В XVIII веке средневековые системы аристократических и религиозных авторитетов были вытеснены новой моделью научного метода, рационального дискурса, личной свободы и индивидуальной ответственности. Однако это не изменило базовые, подспудные драйверы нашей психики. На наше знание влияет и человеческий фактор – страх, алчность, амбиции, покорность, внутригрупповые соглашения, альтруизм и ревность, а также довольно сложные отношения с властью и динамика взаимоотношений личностей в группах. В поведенческой науке можно увидеть множество наглядных иллюстраций предвзятостей и искажений, присущих человеческому мышлению.
Наше понимание происходящего оперирует в рамках этих биологических и установочных ограничений. Как писал Фридрих Ницше,
всякая философия скрывает в свою очередь некую философию; всякое мнение – некое убежище, всякое слово – некую маску.
Наше понимание фундаментальных проблем, как и прежде, остается ограниченным. Мы спорим о космологической сущности и происхождении Вселенной, о физическом источнике и природе материи и энергии. Нерешенными остаются вопросы происхождения и эволюции биологической жизни. Сопротивление новым идеям постоянно ограничивает развитие знания.
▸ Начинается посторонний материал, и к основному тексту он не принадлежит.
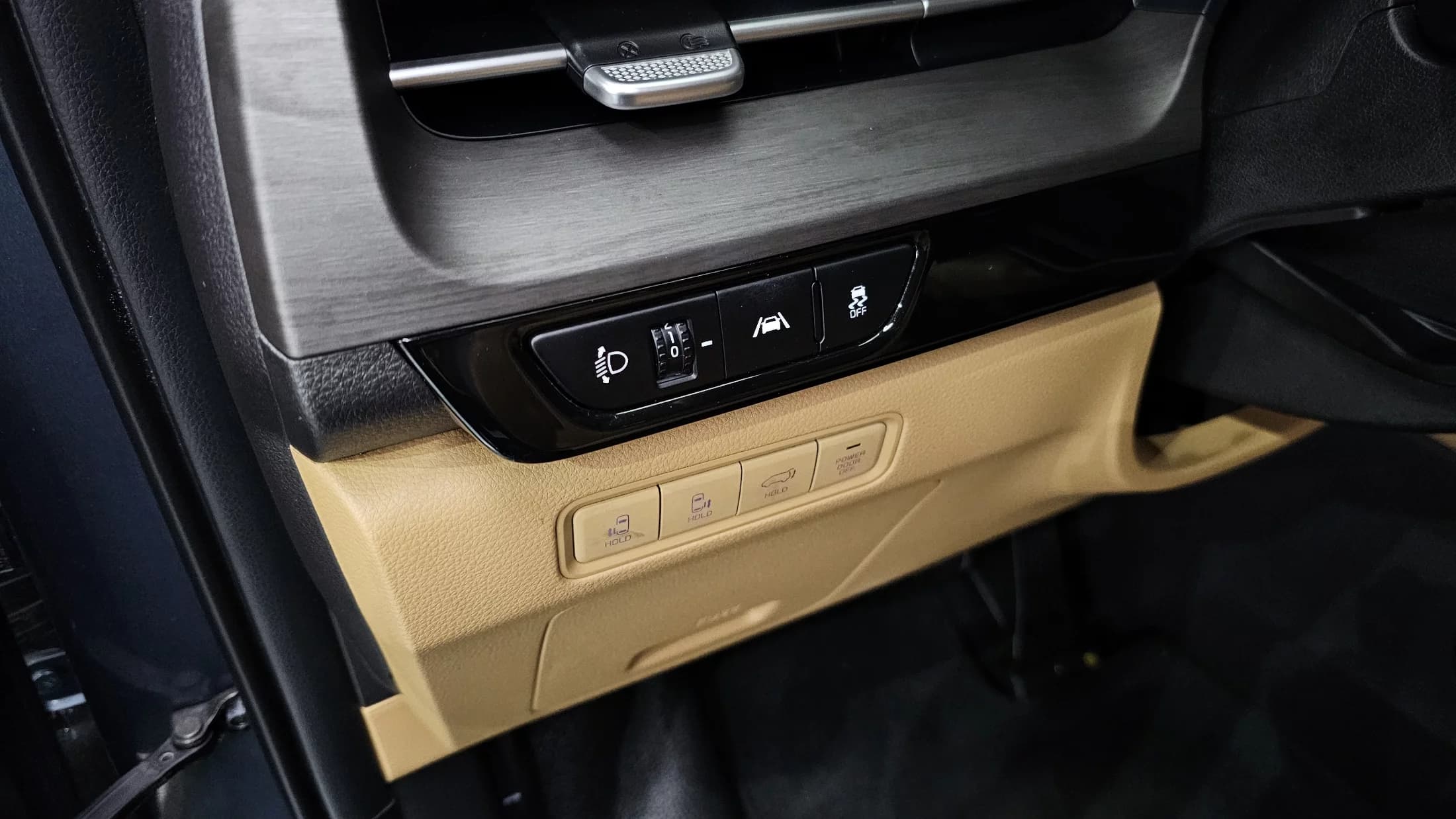 Kia Carnival 9-Seater Signature, 2023 г. 77543 км. — фото 16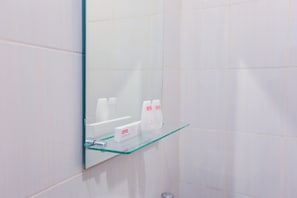 Kamar Double Standar | Kamar mandi | Shower dan handuk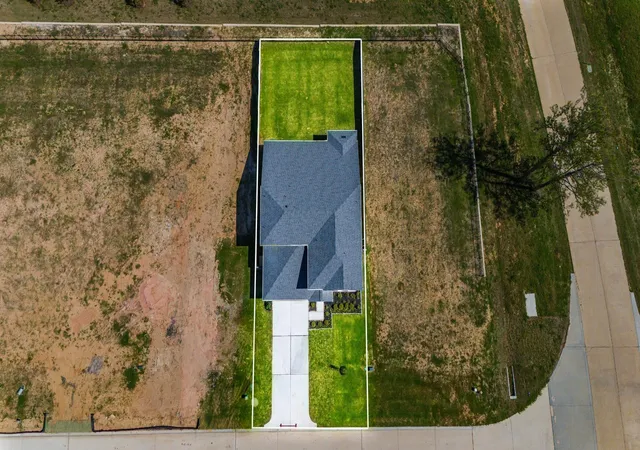 Photo 2 of Single family home for sale at 19608 Montgomery Ridge Way, Montgomery, TX 77316 | MLS# 89674867 | Listing updated on 2026-09-14
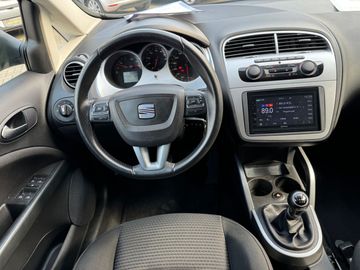 Car image 11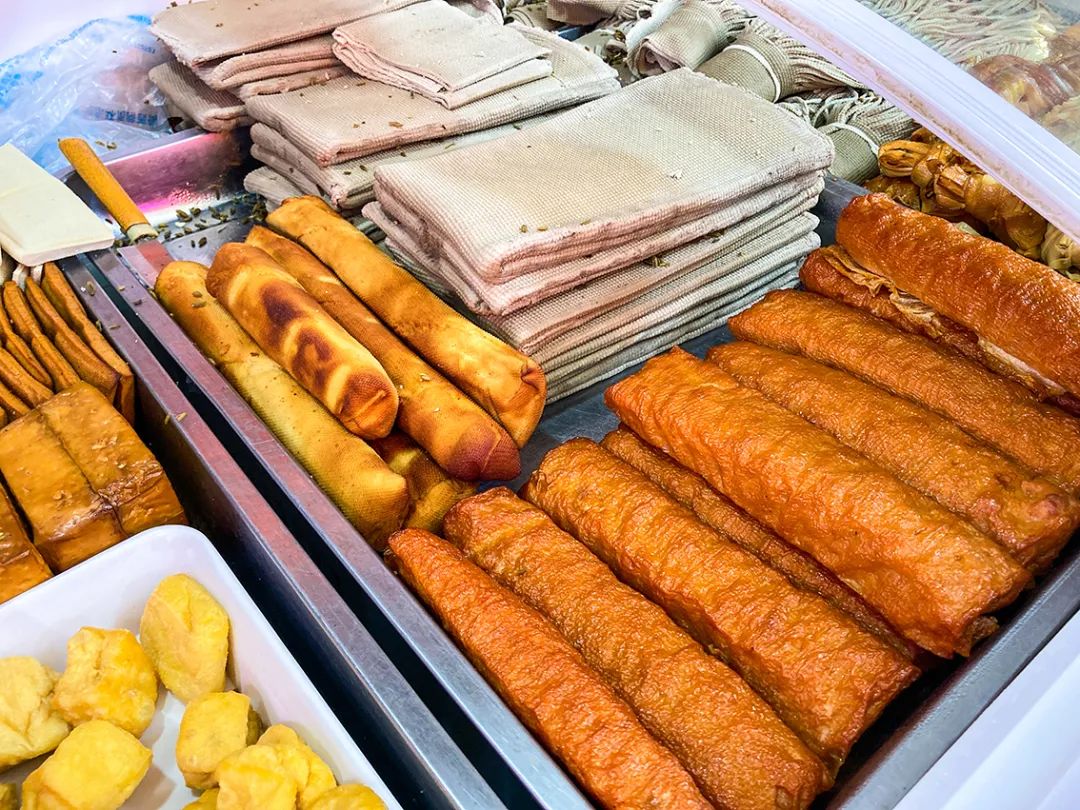 不错挺便宜的早市,附近比较旺的早市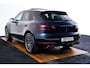 Porsche Macan 2.0 Panoramadak - Luchtvering - Privacybeglazing - Porsche Entry & Drive - Stoelverwarming voorin - Comfort Memory - Stuurwielverwarming - SportDesign dorpelbekledingen -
История науки – это последовательность противостояний по множеству вопросов, будь то негеоцентрическая вселенная, дрейф материков, теория эволюции, квантовая механика или причины климатических изменений.
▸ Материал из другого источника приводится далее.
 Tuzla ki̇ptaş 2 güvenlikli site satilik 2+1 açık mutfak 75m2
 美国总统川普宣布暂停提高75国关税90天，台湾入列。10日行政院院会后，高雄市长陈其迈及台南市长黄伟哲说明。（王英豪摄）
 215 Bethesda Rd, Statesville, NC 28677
Как ни парадоксально, но у само́й науки, судя по всему, также имеются определенные встроенные ограничения. Подобно бесконечному набору матрешек, квантовая физика говорит о бесконечной последовательности бесконечно делимых частиц. Принцип неопределенности Вернера Гейзенберга гласит, что человеческое знание о мире всегда остается неполным, не до конца определенным и в значительной степени определяется обстоятельствами наблюдения. Теоремы Курта Гёделя о неполноте математической логики накладывают неустранимые ограничения на всё, кроме самых простых аксиоматических систем арифметики. Ошибки возникают и в методологии, и в практике экспериментов. Предсказания моделей часто оказываются неудовлетворительными. Как заметил Нассим Николас Талеб,
вы можете скрыть шарлатанство под весом уравнений, и никто не сможет вас поймать, поскольку такая вещь, как контролируемый эксперимент, попросту отсутствует.
Сомнение в правильности антропоцентризма как подхода не означает отказа от науки или рационального мышления. Оно не означает и возврата к примитивным религиозным догмам, фантомам мессианства или мутной мистике. Оспаривание антропоцентризма может помочь нам обрести новые системы координат и расширить границы человеческого знания. Люди смогут думать более ясно и рассматривать различные точки зрения; у нас могут появиться новые возможности, находящиеся за пределами нормального диапазона опыта и размышлений. Возможно, что нам удастся лучше понять свое экзистенциальное место в природе и истинный порядок вещей.
«Есть многое в природе, друг Горацио, что и не снилось нашим мудрецам», – говорил Гамлет. Однако фундаментальные основы нашей биологии могут не дать нам изменить привычную систему координат. Периодически вспоминая о величии Вселенной, человек бо́льшую часть оставшегося времени обычно очарован мыслью о том, что он сам представляет собой апогей ее развития. Однако, как заметил Марк Твен в книге «Письма с Земли», «[Бог] гордился человеком; человек был лучшим его изобретением, человек был первым его любимцем (если, конечно, не считать мухи)».
В своей книге «Автостопом по Галактике» английский писатель Дуглас Адамс предположил, что Земля представляет собой мощный компьютер, а люди – его биологические компоненты, сконструированные сверхразумными многомерными созданиями, желающими получить ответы на основные вопросы о Вселенной и о жизни. Стоит отметить, что наука и по сей день не смогла убедительно опровергнуть это причудливое предположение.
Вне зависимости от того, сможем ли мы отказаться от антропоцентризма, он будет вечно напоминать нам о нашей ограниченности. По словам Мартина Риза, почетного профессора космологии и астрофизики в Кембридже,
большинство образованных людей знает о том, что мы представляем собой продукт почти четырех миллиардов лет дарвиновского отбора, однако многие склонны думать, что люди представляют собой кульминацию этого развития. При этом наше Солнце прошло меньше половины своего жизненного цикла. Через шесть миллиардов лет за угасающим Солнцем будут наблюдать иные существа, а совсем не люди. И эти существа будут отличаться от нас так же, как мы отличаемся от бактерий или амеб [97].